Insbesondere Leben retten hat eigene Regeln.

Unser Körper, wenn verletzt oder schwer angeschlagen, orientiert sich nicht an zeitlichen und administrativen Vorgaben.

Unser Körper folgt den Gesetzen der Natur. Oft nicht begreifbar. Achtsamkeit, Erfahrung, Flexibilität und Fachwissen können hier helfen.

Dass Operationen nicht auf die leichte Schulter gehören, liegt auf der Hand. Weniger operieren bedeutet eben auch, weniger Erfahrung haben. Und so leidet die Qualität, die in diesem sensiblen Bereich so wichtig wäre.


Zu viele Regeln und Vorgaben verunsichern

Dass die Arbeitszeit reguliert gehört, macht Sinn. Und dass, wer gerne mehr wissen und arbeiten will, das auch darf, ebenso. Doch jede neue Regel gebiert weitere Regeln. Und zu viele Vorschriften schaffen Unsicherheit und führen zu Entmutigung.

Warum diese übertriebene Regulierung? Sind Mitarbeitende von Gesundheitsbetrieben nicht mündige Menschen, die ihre Grenzen einschätzen können?

Die Geschichte zeigt: Es gibt immer Führungskräfte und Betriebe, die ihre Mitarbeitenden ausnutzen. Das darf nicht sein. Doch wer im Gesundheitswesen arbeiten will, weiss, dass die Arbeitszeiten flexibel sind und dass Unfälle auch zur Unzeit geschehen.


Flexible Regulation = Vertrauen und Verantwortung leben

Wenn von «oben» und von «ausserhalb» bestimmt wird, besteht die Gefahr, dass zu viel und das Falsche geregelt wird. Wenn nur «intern» geregelt wird, klopft die ernst zu nehmende Betriebsblindheit an. Auch wissen wir, dass gewisse Systeme schon in der Schule Kinder aufgrund ihres individuellen Leistungsvermögens bevorzugen oder benachteiligen.

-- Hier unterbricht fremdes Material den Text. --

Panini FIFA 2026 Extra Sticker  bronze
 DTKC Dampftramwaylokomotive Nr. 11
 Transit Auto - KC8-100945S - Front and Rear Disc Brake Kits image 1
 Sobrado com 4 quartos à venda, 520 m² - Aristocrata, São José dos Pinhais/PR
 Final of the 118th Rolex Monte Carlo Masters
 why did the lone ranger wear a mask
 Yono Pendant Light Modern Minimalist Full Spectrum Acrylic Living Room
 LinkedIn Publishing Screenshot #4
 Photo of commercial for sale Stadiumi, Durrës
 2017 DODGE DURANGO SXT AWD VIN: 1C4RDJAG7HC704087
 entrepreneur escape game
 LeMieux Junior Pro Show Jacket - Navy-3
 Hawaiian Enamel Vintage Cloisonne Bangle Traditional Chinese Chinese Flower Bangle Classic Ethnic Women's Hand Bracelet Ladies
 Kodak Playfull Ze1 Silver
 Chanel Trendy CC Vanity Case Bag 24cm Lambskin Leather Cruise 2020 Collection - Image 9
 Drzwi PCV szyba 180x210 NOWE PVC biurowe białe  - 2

«Oben» und «ausserhalb» dürfen damit rechnen, dass Vertrauen motiviert und Verantwortungsbewusstsein schafft. Missbrauch leider nicht ganz ausgeschlossen. «Intern» ist gefordert, die Individualität von Mitarbeitenden so gut wie möglich zu berücksichtigen und Gleichwertigkeit zu fördern.

Führungskräfte trauen also ihren Mitarbeitenden aus Überzeugung zu, dass sie ihr Bestes geben und gute Leistungen abliefern. Gleichzeitig müssen sich alle Parteien bewusst sein, dass man nicht alles im Griff haben kann.

Das oberste Ziel bei allem soll sein, Menschenleben zu retten.

Wie bei den Kindern, die auch als Teenies noch an ihrem Berufswunsch Arzt/Ärztin festhalten. Wir haben es in der Hand, ihnen eine andere Wirklichkeit zu bieten als die heutige.